Newly published documents have revealed considerable concern amongst British officials about human rights abuses experienced by Palestinian children at the hands of Israeli authorities.
The documents, released under the Freedom of Information Act, are a stark contrast to the warm support offered to the Israeli government in public by Prime Minister Theresa May and other leading Conservatives. Some information regarding contacts with Israeli officials was redacted.
In April 2017, an email sent from the British Consulate General in Jerusalem noted the “widespread use” of administrative detention – that is, without charge or trial – by Israeli authorities, including “15 [Palestinian] children held without charge during reporting period”.
In July 2016, meanwhile, an email sent from the British Embassy in Tel Aviv reported that “the number of minors detained in East Jerusalem…has exploded from previous years”, and described “the reintroduction of the use of administrative detention of minors” as a worrying trend”.
The same email acknowledged “limited progress” in the Israeli authorities’ adoption of recommendations made by a UK-sponsored Children in Military Custody report in 2012. “Overall”, the email states, just “one of the 40 recommendations…has been substantially implemented”.

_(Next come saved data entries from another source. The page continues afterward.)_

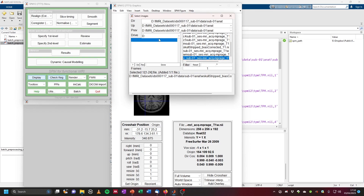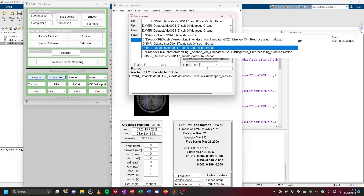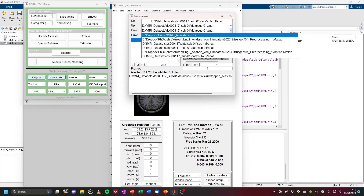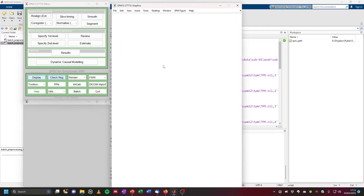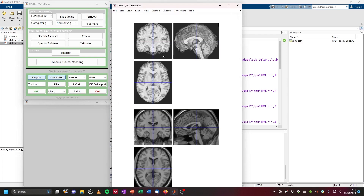Then we want to choose a standard MNI space image. Click on prev to go to previous, navigate to the SPM 12 folder, canonical, and select the single subject T1 — this is an example image of one subject in MNI space. Now we have these two images: at the top our warped normalized image of our subject, and at the bottom the template.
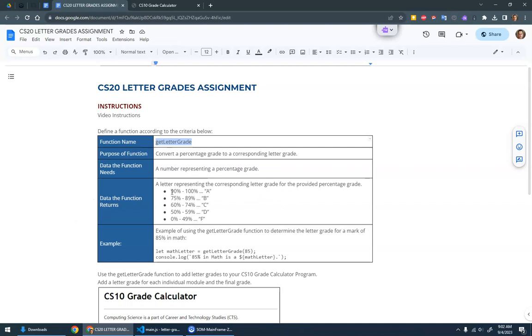If the percentage was anywhere from 90 to 100, you'll return the letter A. If it's between 75 and 89, you'll return B, et cetera, for all the different ranges: A, B, C, D, F.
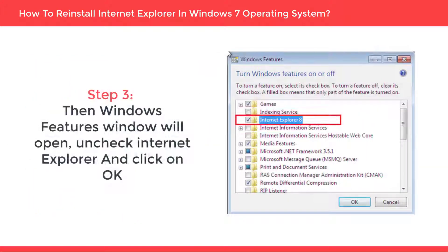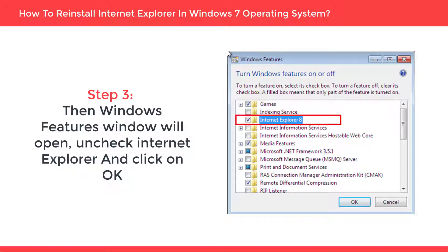Step 3: Then Windows features will open. Uncheck Internet Explorer and click on OK.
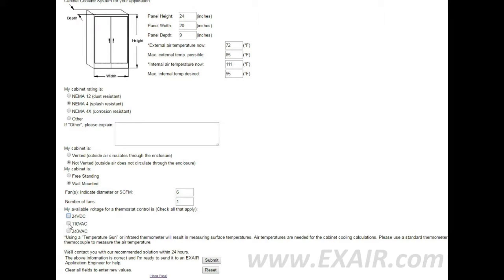Select the available voltages for thermostatic control: 24 volt DC, 110 VAC, and 240 volt VAC.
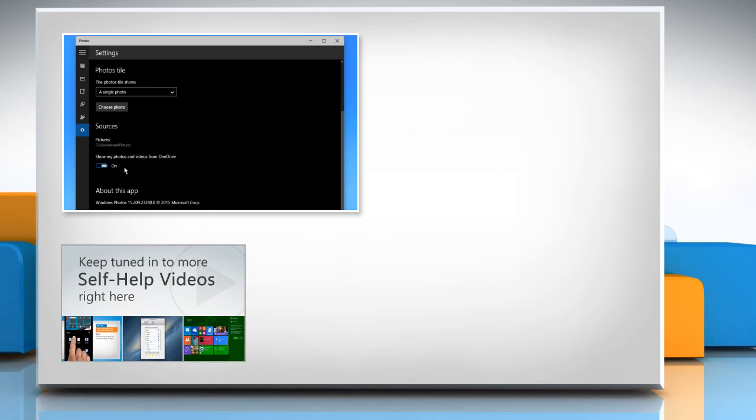Check out our iYogi channel for self-help videos on Windows, Mac, Smartphones, Security, Social Media and much more.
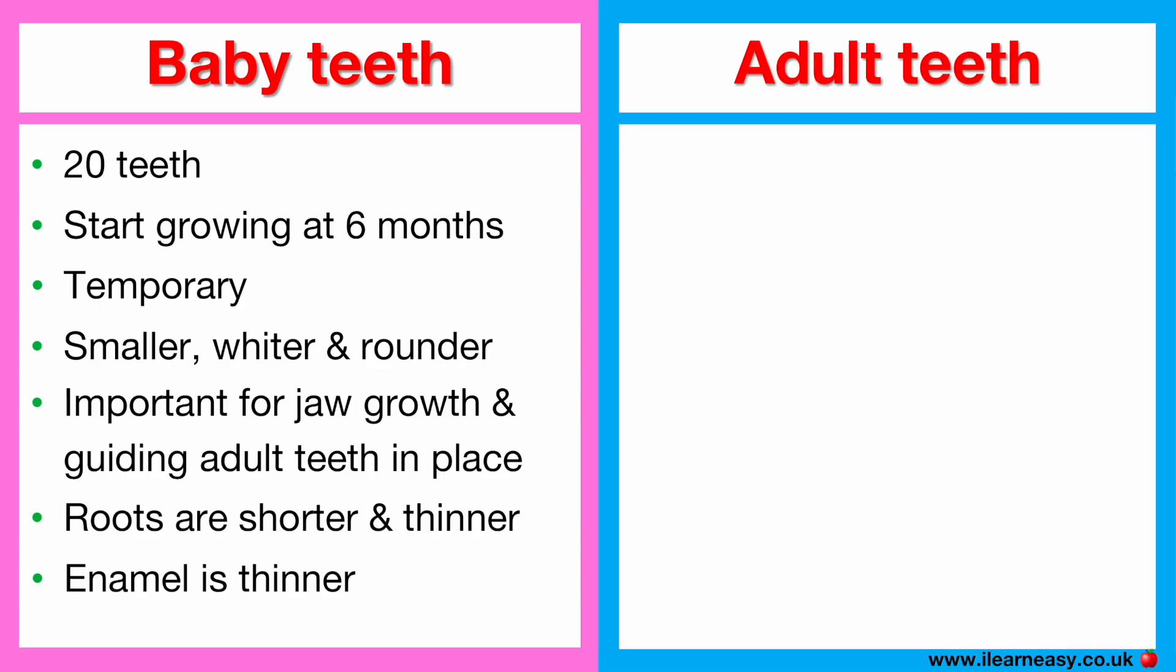Adult teeth. An adult has 32 teeth, including wisdom teeth. They start replacing baby teeth at around 6 years old.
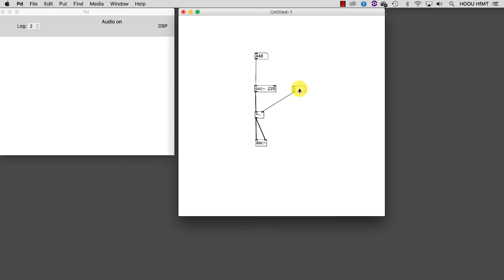If I now type 0.2, I'm going to hear the signal at 20% of the original volume. If I go over 1, I get a distorted signal. And for the moment, it is better to avoid this. Furthermore, I can change the frequency and get all the notes I want.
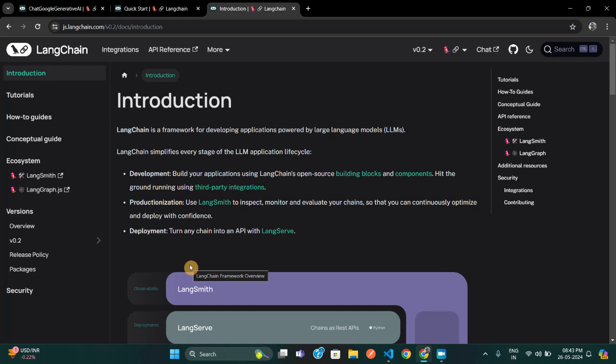Welcome back to the channel. In this video I've got something exciting — if you're a JavaScript developer looking to get started with AI, I've got you covered. This is going to be the complete LangChain crash course for JavaScript developers who want to join the AI party. So without any delay, let's begin. If you're wondering what LangChain is, let me introduce you to it.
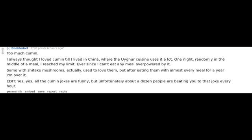Too much cumin. I always thought I loved cumin till I lived in China, where the Uyghur cuisine uses it a lot. One night, randomly in the middle of a meal, I reached my limit. Ever since I can't eat any meal overpowered by it. Same with shiitake mushrooms. Actually used to love them, but after eating them with almost every meal for a year, I'm over it.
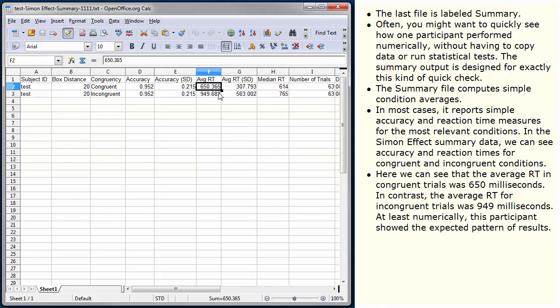Here we can see that the average reaction time for congruent trials was 650 ms. In contrast, the average reaction time for incongruent trials was 949 ms. At least numerically, this participant showed the expected pattern of results.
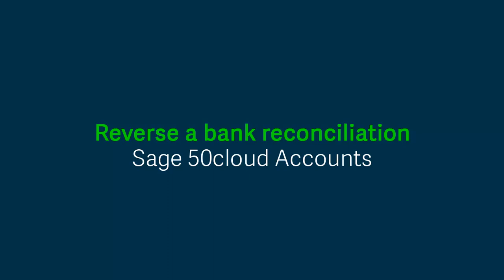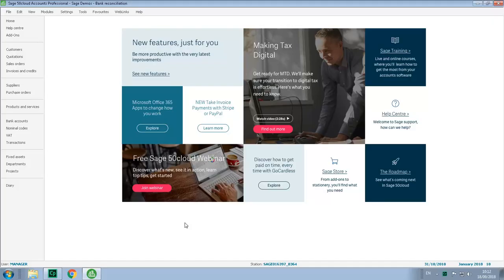One of the enhancements in Sage 50 Cloud Accounts, version 25, is the ability to reverse a bank reconciliation, making it quicker than ever if you've made a mistake. Let's take a quick look at how it works.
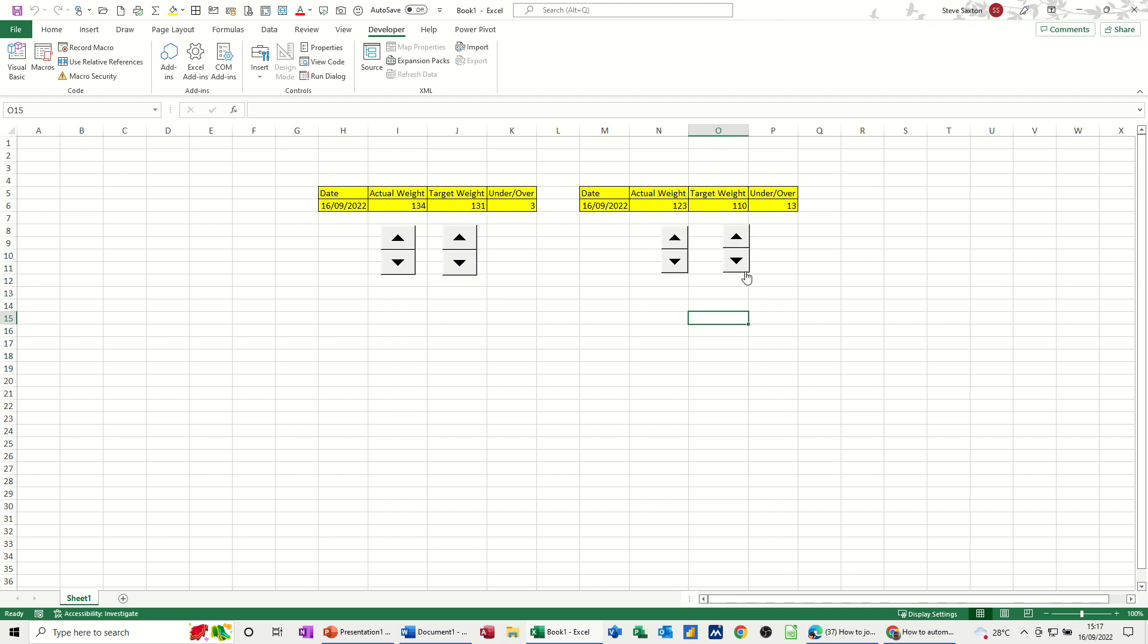So that's a very short video on how you can use the controls from the developer tab to create yourself a little dynamic weight tracker. Hopefully that was of use, thank you for your time, I'll catch you on the next one.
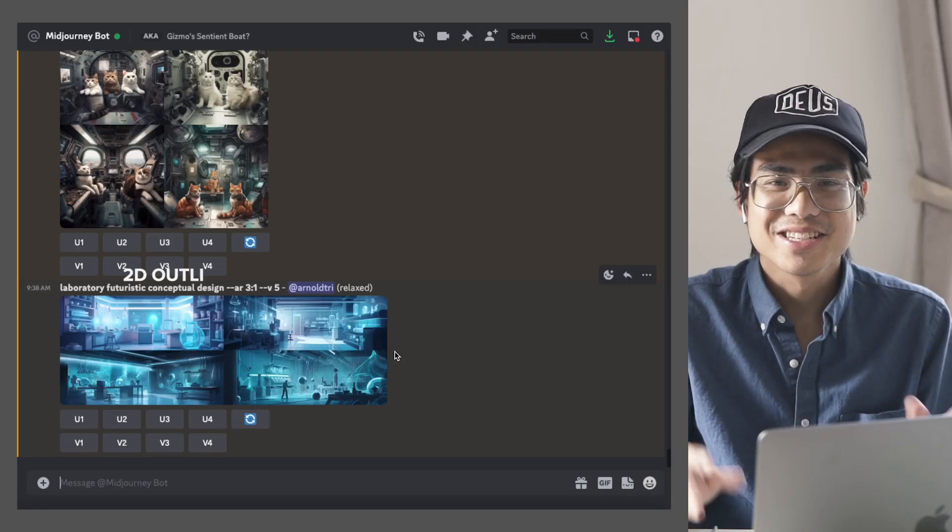So today we're going to talk about creating coloring book pages, which is family friendly for everybody. And Midjourney does a great job at creating coloring book pages, but first make sure you subscribe so you can follow along for more.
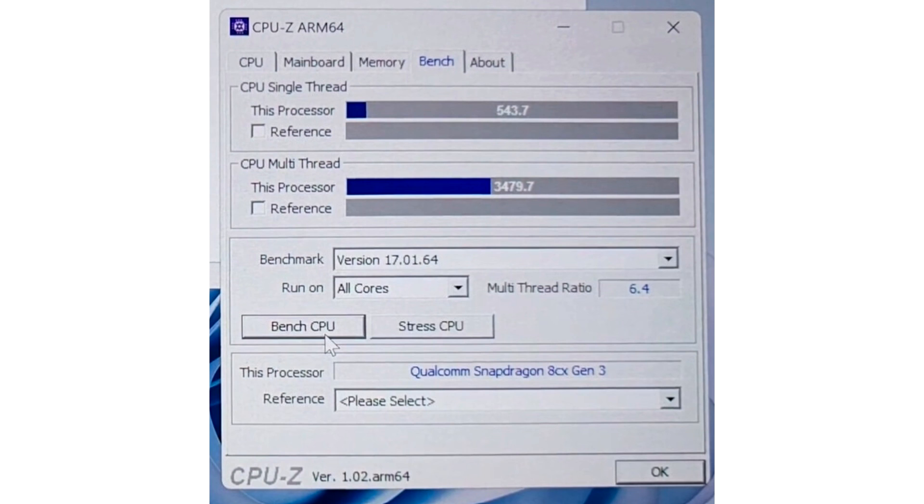Not impressed? How about the fact that the Snapdragon 8 CX Gen 3 is a 7W chip that idles under 2W for the most part and can make do with passive cooling, posting scores comparable to 35W x86 chips that need active cooling.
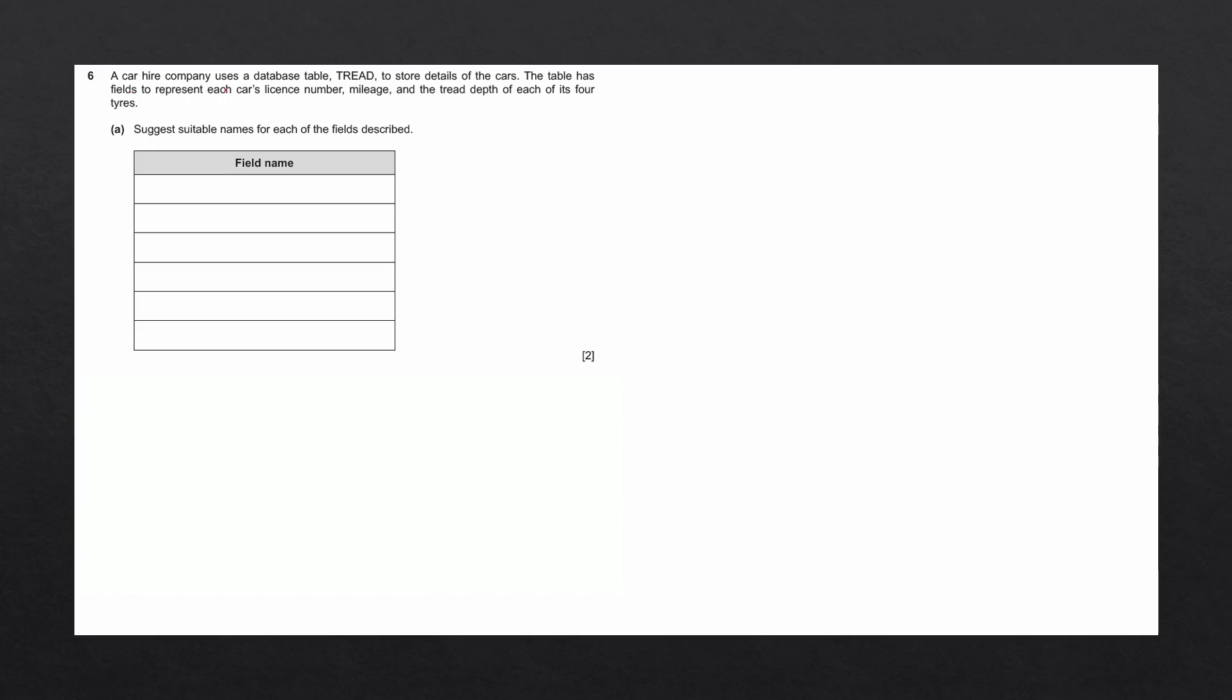A car hire company uses a database table, tread, to store the details of the cars. The table has fields to represent each car's license number, mileage, and the tread depth of each of its four tires.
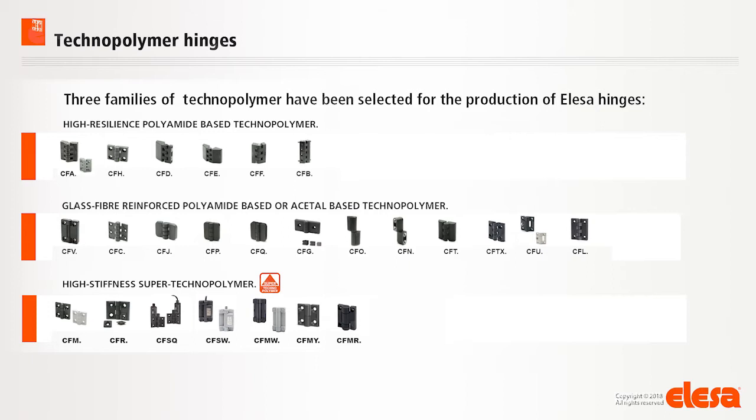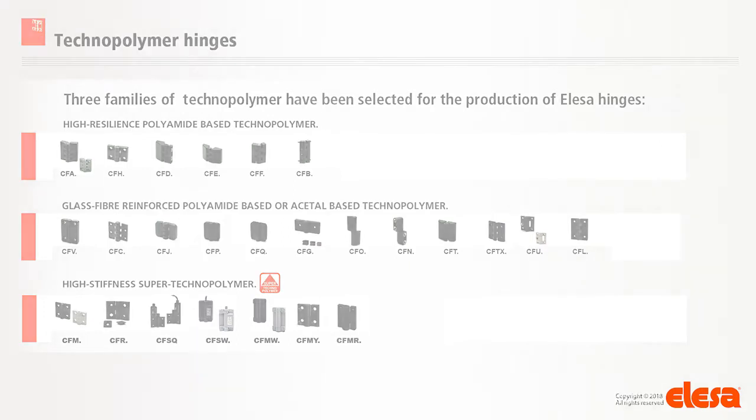The mechanical behavior of the hinges under load varies according to the type of technopolymer. Hinges of the first and second family show significantly different mechanical behavior compared to the hinges of the third family.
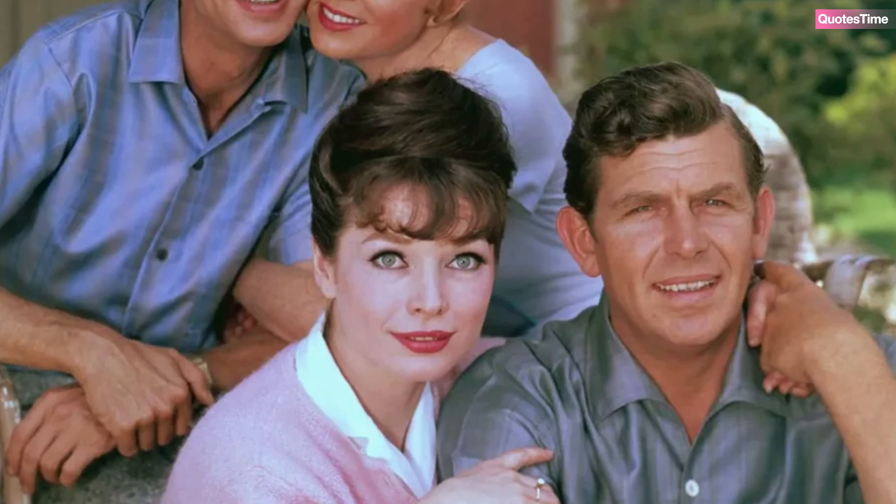Andy Griffith will forever be remembered as the beloved Sheriff of Mayberry, a character who embodied the best of what it means to be a father, a friend, and a neighbor. Yet, like all of us, he was human, with joys and sorrows, triumphs and regrets.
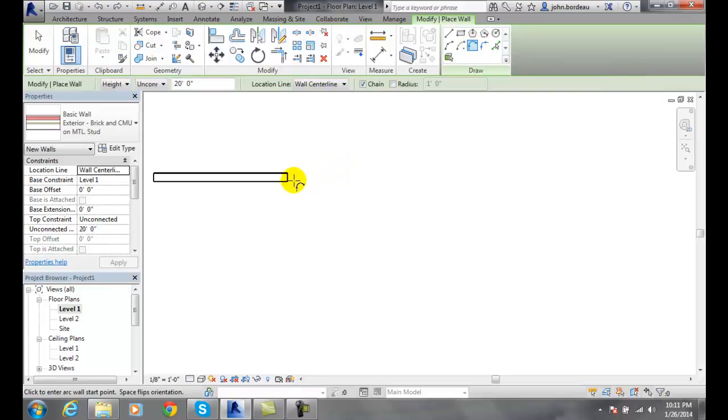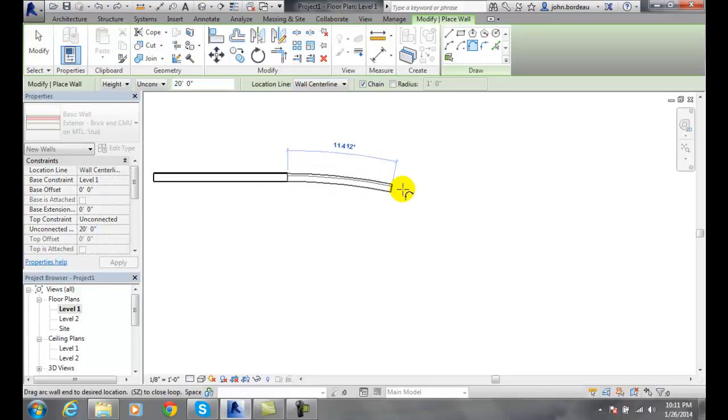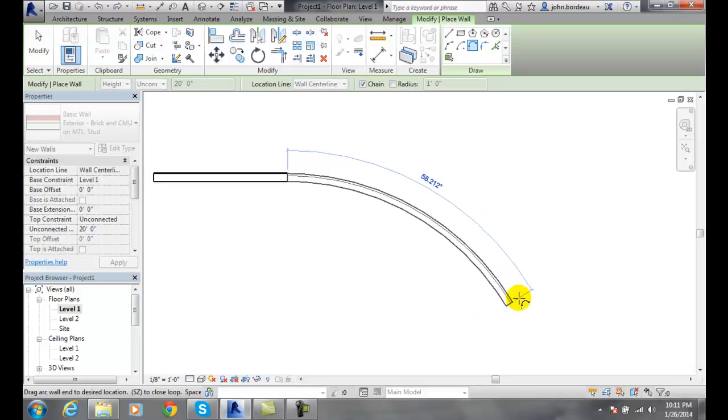We come over here and we attach to the end of the existing wall. Now in this case we are placing where we want to put the end of this arc, so I just place the end of the arc.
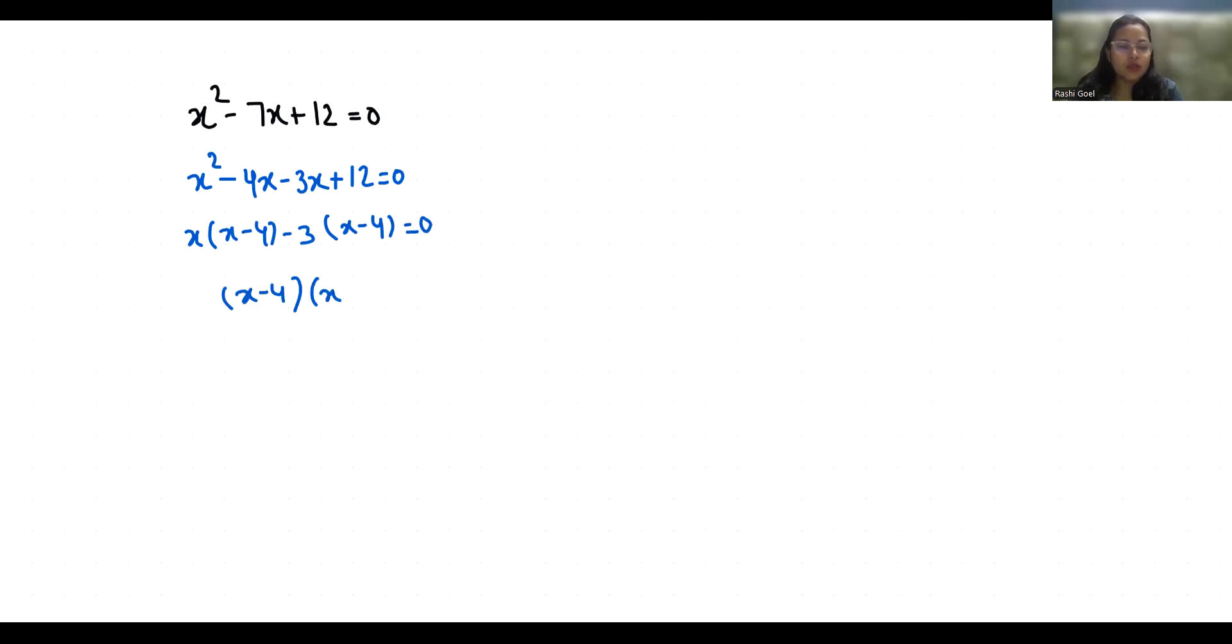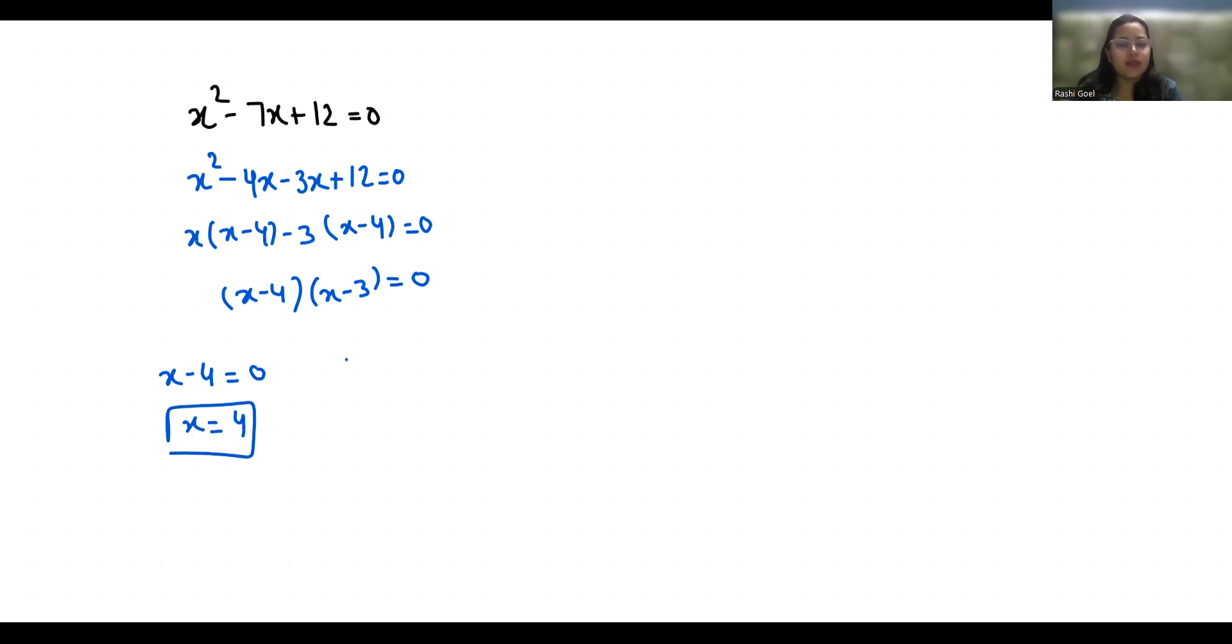These are the two roots. Now to find the value of x, we put them equals to 0. So x minus 4 equals 0, the first case the value of x is 4. And in the second case, x minus 3 equals 0, so the value of x is 3.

Other emails from British officials note Israeli forces’ abuse of detainees, and use of lethal violence against Palestinians, including Khaled Bahar, “shot and killed” by an Israeli soldier “from a distance of about 20 meters, striking him in the back as he was running away”.
Last month, in a separate Freedom of Information (FOI) request, the Foreign Office declined to identify what boundaries of the Israeli state the UK government recognises. Meanwhile, another FOI revealed that up to five British nationals are currently detained in Israel – the precise number of reported cases was withheld, “to avoid the risk of identifying the individuals concerned”.